BEGIN Input for this task
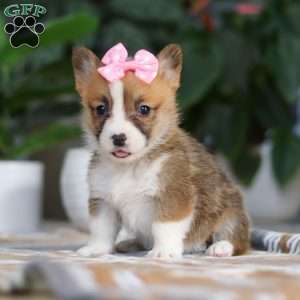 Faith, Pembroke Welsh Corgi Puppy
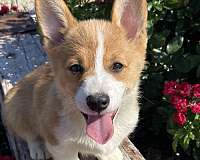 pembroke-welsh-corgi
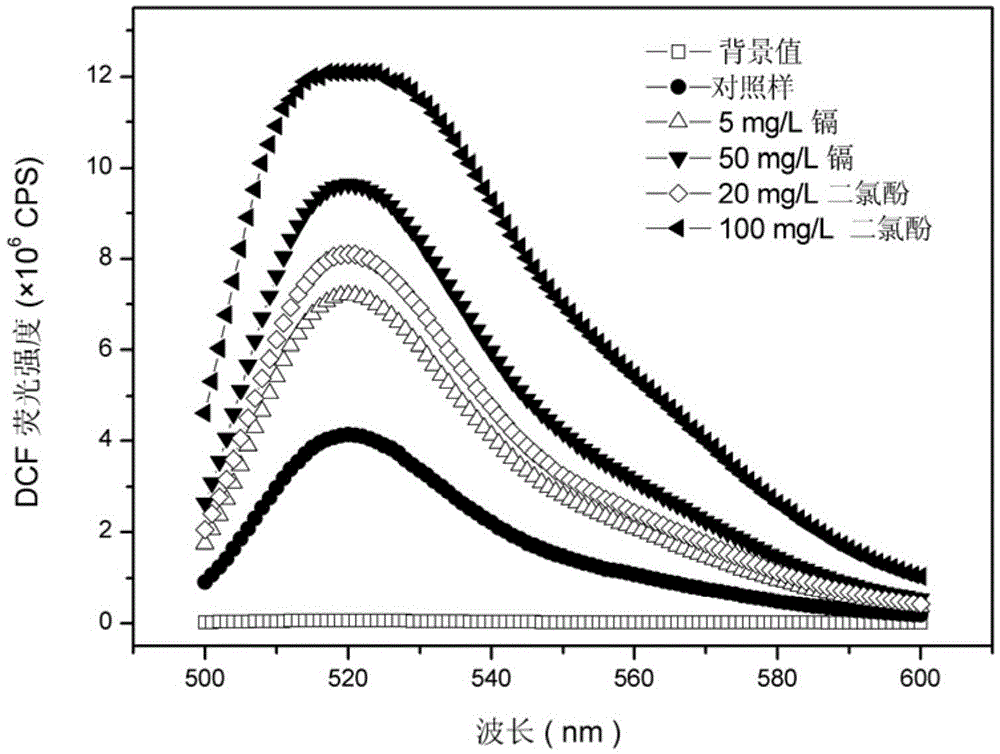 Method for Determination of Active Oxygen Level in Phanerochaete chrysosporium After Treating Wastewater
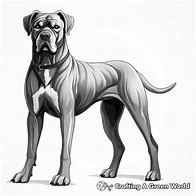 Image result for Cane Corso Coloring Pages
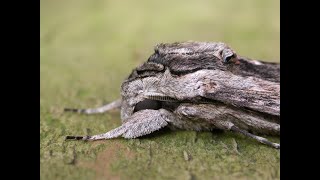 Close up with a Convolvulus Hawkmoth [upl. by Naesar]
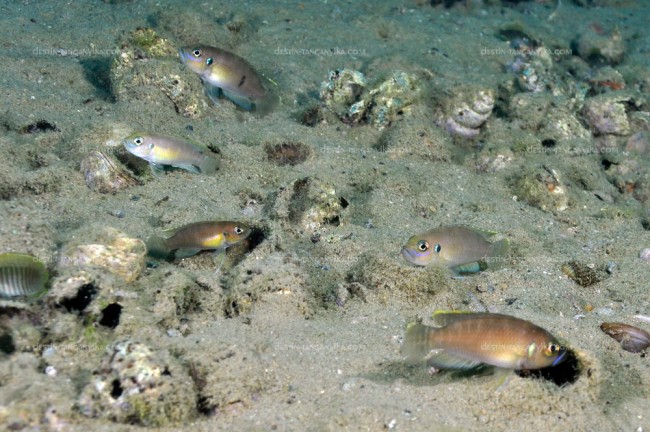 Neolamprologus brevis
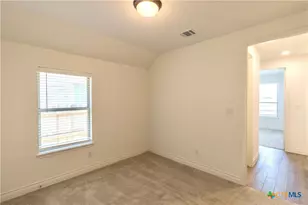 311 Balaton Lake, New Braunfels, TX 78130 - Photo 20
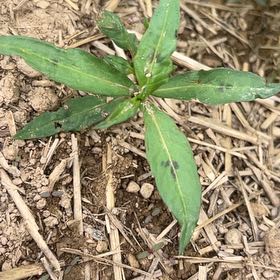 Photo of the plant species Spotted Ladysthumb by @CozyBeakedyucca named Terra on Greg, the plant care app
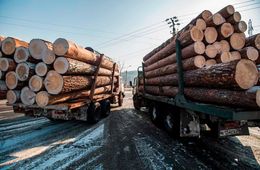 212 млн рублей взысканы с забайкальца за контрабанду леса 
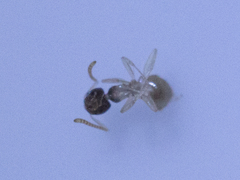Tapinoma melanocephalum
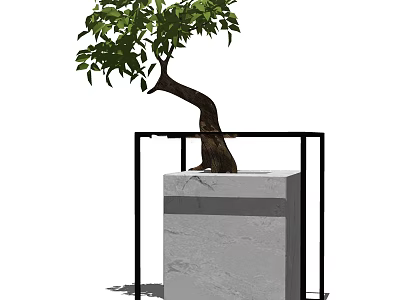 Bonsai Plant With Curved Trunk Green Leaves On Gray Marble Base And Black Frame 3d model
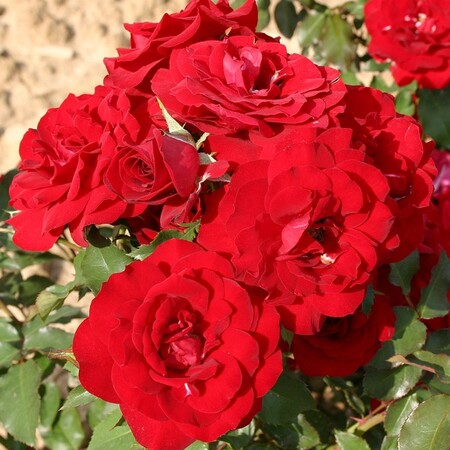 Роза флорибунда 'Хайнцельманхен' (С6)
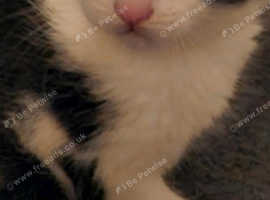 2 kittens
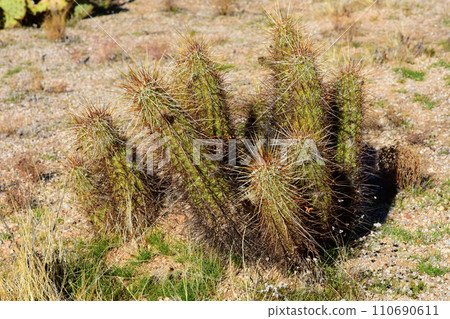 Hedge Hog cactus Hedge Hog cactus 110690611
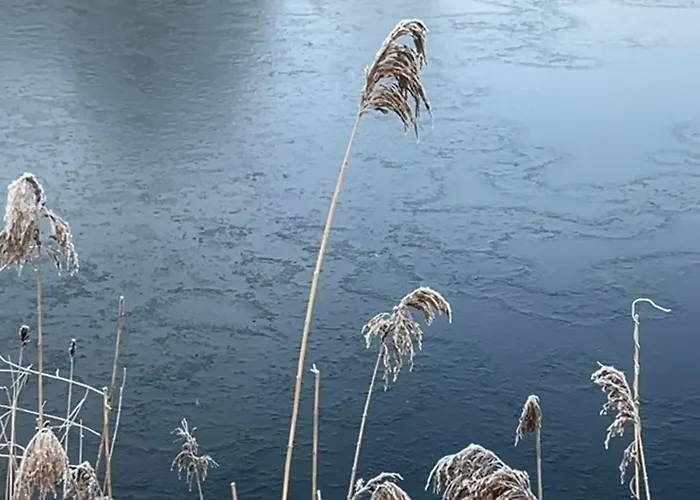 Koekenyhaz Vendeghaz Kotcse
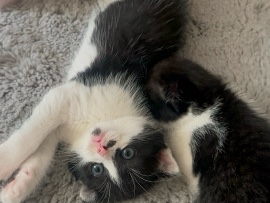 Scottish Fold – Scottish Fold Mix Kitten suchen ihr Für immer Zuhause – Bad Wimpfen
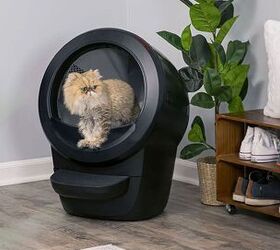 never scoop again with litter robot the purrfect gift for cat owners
END Input for this task
= Assignment =
Write out all the entries word for word, but skip any images.

= Task solution =
 Faith, Pembroke Welsh Corgi Puppy
 pembroke-welsh-corgi
 Method for Determination of Active Oxygen Level in Phanerochaete chrysosporium After Treating Wastewater
 Image result for Cane Corso Coloring Pages
 Close up with a Convolvulus Hawkmoth [upl. by Naesar]
 Neolamprologus brevis
 311 Balaton Lake, New Braunfels, TX 78130 - Photo 20
 Photo of the plant species Spotted Ladysthumb by @CozyBeakedyucca named Terra on Greg, the plant care app
 212 млн рублей взысканы с забайкальца за контрабанду леса 
Tapinoma melanocephalum
 Bonsai Plant With Curved Trunk Green Leaves On Gray Marble Base And Black Frame 3d model
 Роза флорибунда 'Хайнцельманхен' (С6)
 2 kittens
 Hedge Hog cactus Hedge Hog cactus 110690611
 Koekenyhaz Vendeghaz Kotcse
 Scottish Fold – Scottish Fold Mix Kitten suchen ihr Für immer Zuhause – Bad Wimpfen
 never scoop again with litter robot the purrfect gift for cat owners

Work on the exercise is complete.